What I don’t yet comprehend is how this pork & beans budget plan works as a political strategy. A couple of possibilities suggest themselves:

• Perhaps the second bill will also contain measures that would be so popular, at least among state legislators, that they can’t imagine voting against it. Examples might include the minimum-wage increase or a new incentives package for a big company promising thousands of new jobs.
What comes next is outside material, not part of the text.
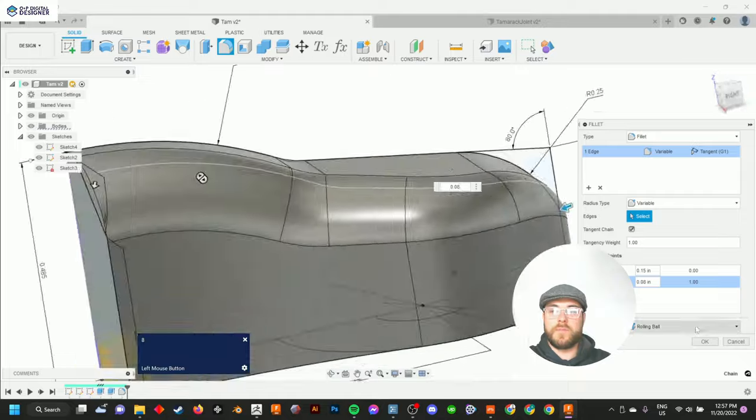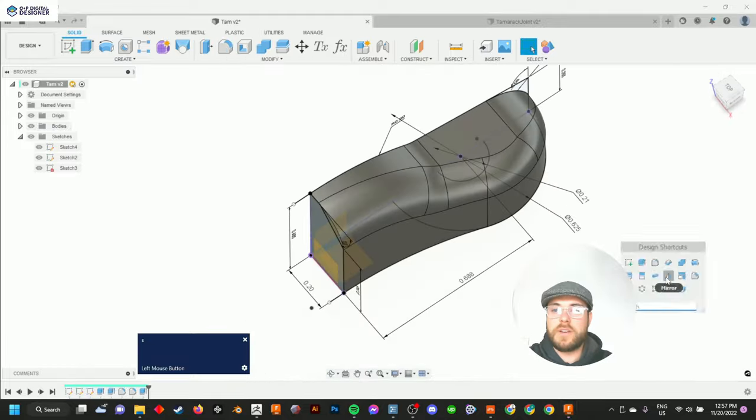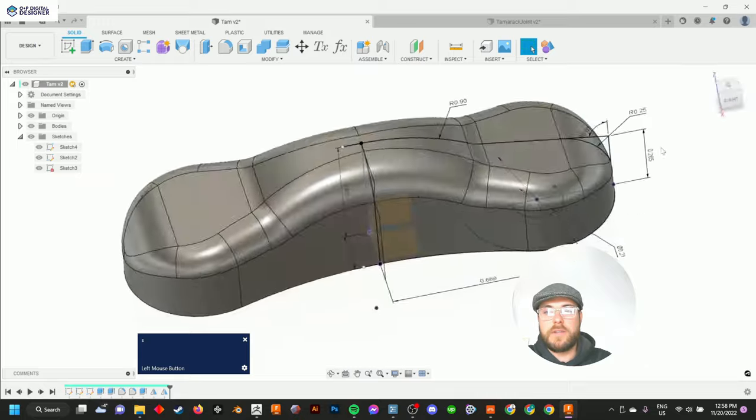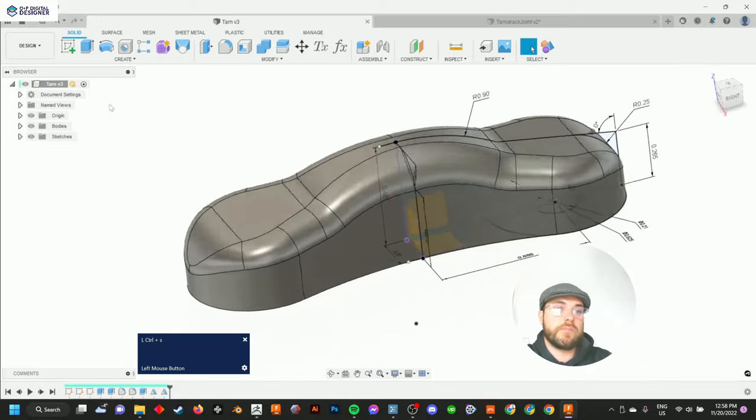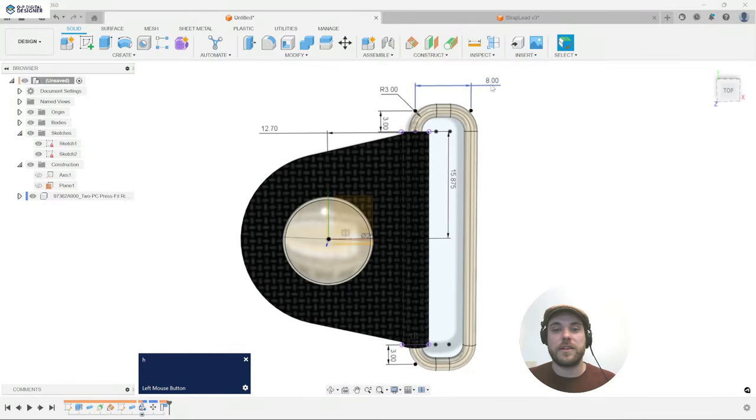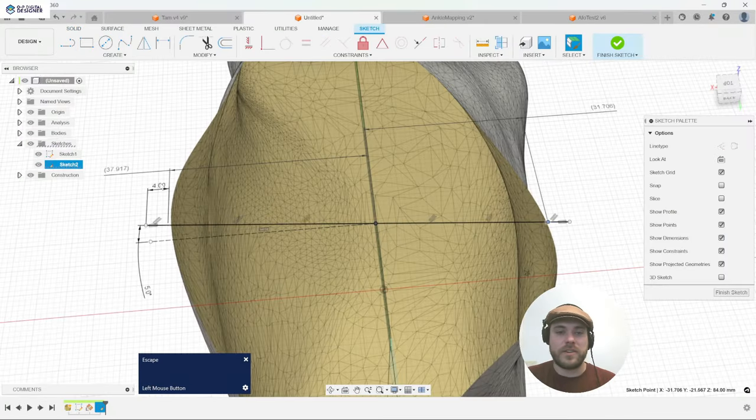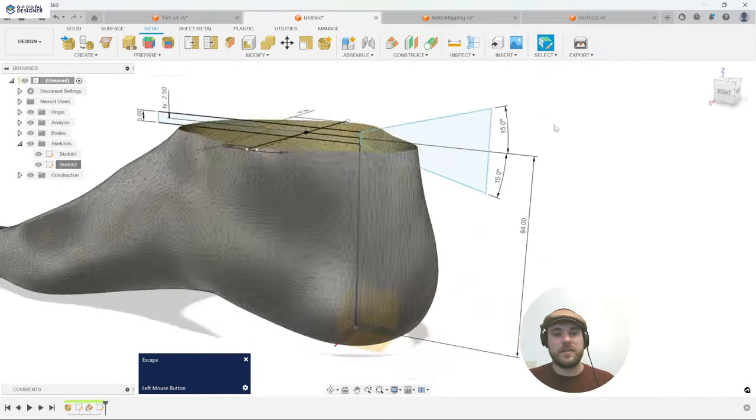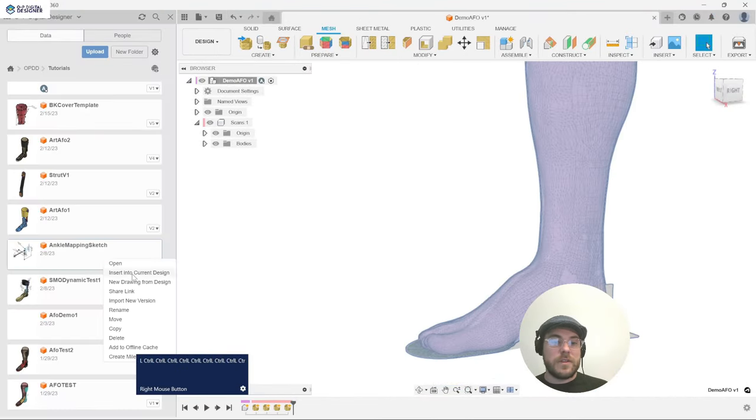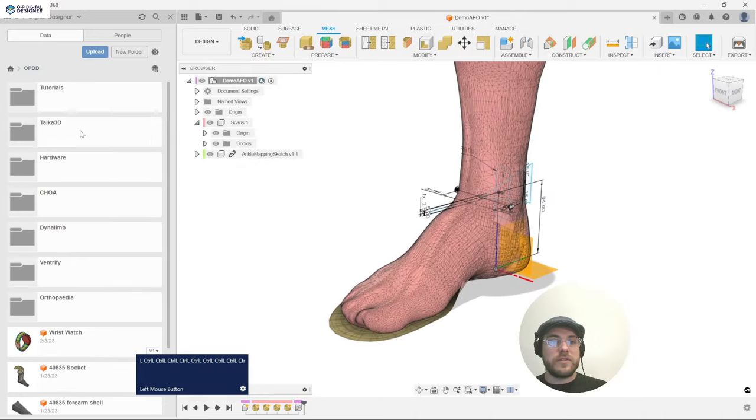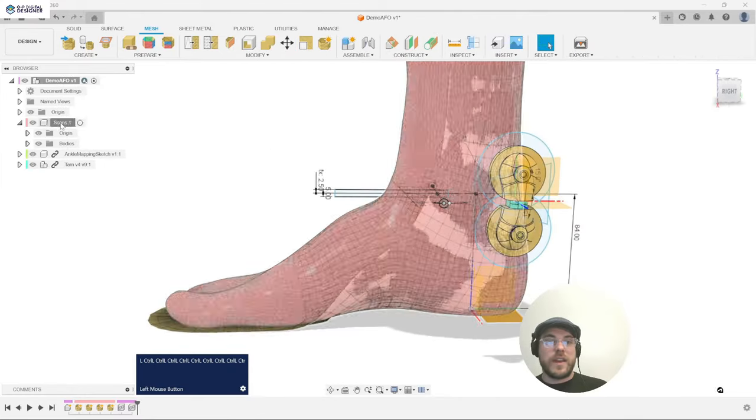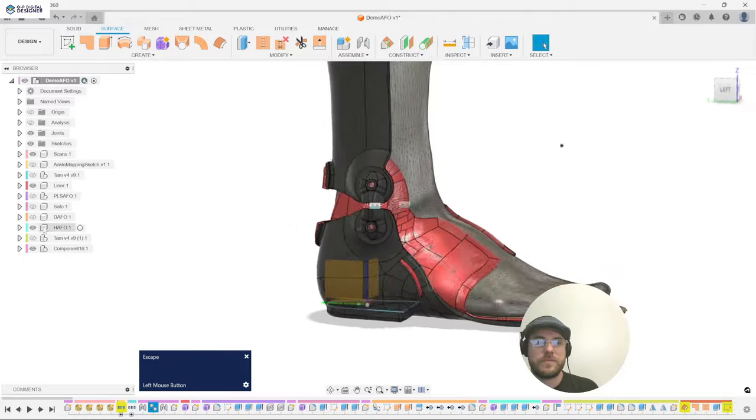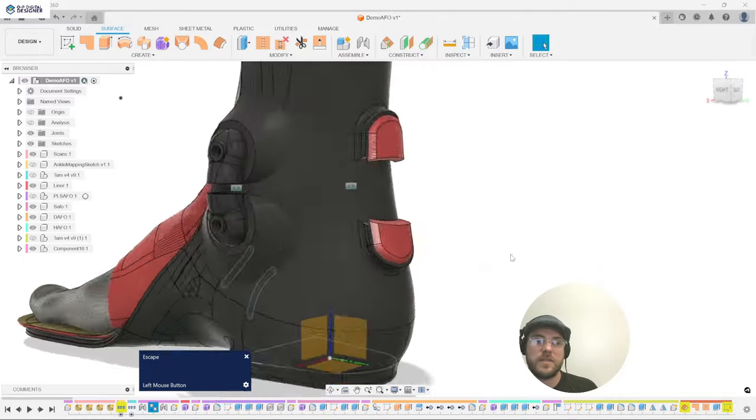We then go straight into Fusion 360 and start building out template files for each of the main components and features that we will want to build in every patient case we work on. Things like tamarack joints, or a strap lead, or an ankle mapping sketch file, thus ensuring repeatability. Each product will be taken through from the absolute beginning to a mesh that can be imported into a product design software for CAD design and 3D printing, with standardized workflows that apply again and again so you understand the implementation.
• Perhaps the passage of the second bill isn’t really the point. Having convinced both Democrats and many Republicans to vote for the initial spending bill, and thus arguably removing it as an issue for the fall elections, legislative leaders may want only to help members demonstrate dutiful concern for all the worthy causes and projects that didn’t make the cut. To voters who care more about fiscal responsibility than scamming the rest of the state out of dough, members can correctly point out that that pork-laden bill didn’t pass. But to voters who believe budgeting is all about maximizing their district’s take at the expense of others, members can say that they obviously tried to do it, and will keep working on it if re-elected.

I can imagine these scenarios, but I frankly see neither as working out the way leaders may desire. This year’s budget isn’t likely to be the subject of big political debate anyway – it will be the 2005 budget, which clearly included tax hikes and wasteful spending, that will be cited in critical ads and mailers.

Help me out, CJO readers. What am I missing?

Hood is president of the John Locke Foundation.